[MATERIAL PROVIDED]

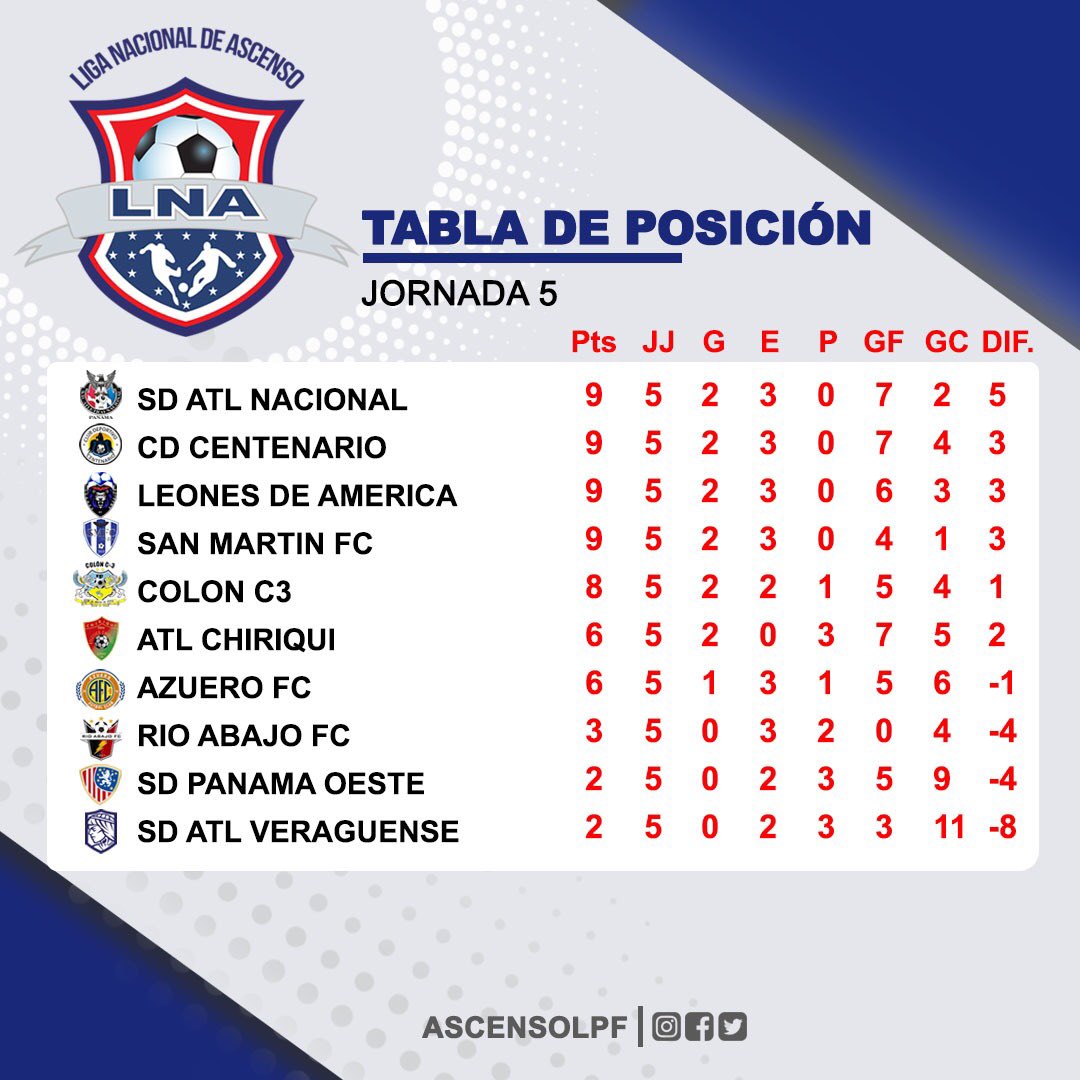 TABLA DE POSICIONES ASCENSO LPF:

[/MATERIAL PROVIDED]
[MATERIAL PROVIDED]

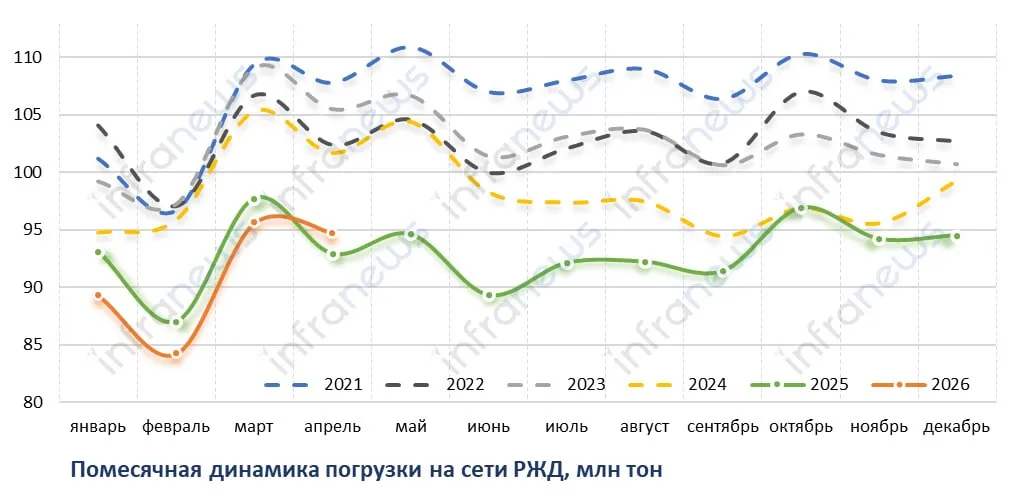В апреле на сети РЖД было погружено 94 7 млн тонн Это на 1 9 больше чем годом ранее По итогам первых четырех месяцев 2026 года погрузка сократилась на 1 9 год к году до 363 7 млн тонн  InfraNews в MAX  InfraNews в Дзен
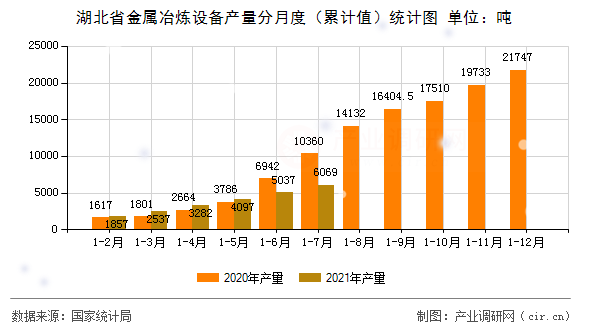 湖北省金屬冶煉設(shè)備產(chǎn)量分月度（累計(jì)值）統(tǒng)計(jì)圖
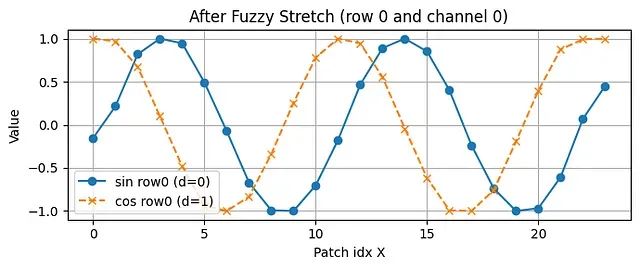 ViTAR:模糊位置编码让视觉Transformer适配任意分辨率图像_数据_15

[/MATERIAL PROVIDED]

### WORK TO BE COMPLETED
Skip every picture, and restate word for word only the lines above from the line containing "湖北省金屬冶煉設(shè)備" to the line containing "ViTAR:模糊位置编码让视", both of them included.

### OUTPUT OF THE EXERCISE
 湖北省金屬冶煉設(shè)備產(chǎn)量分月度（累計(jì)值）統(tǒng)計(jì)圖
 ViTAR:模糊位置编码让视觉Transformer适配任意分辨率图像_数据_15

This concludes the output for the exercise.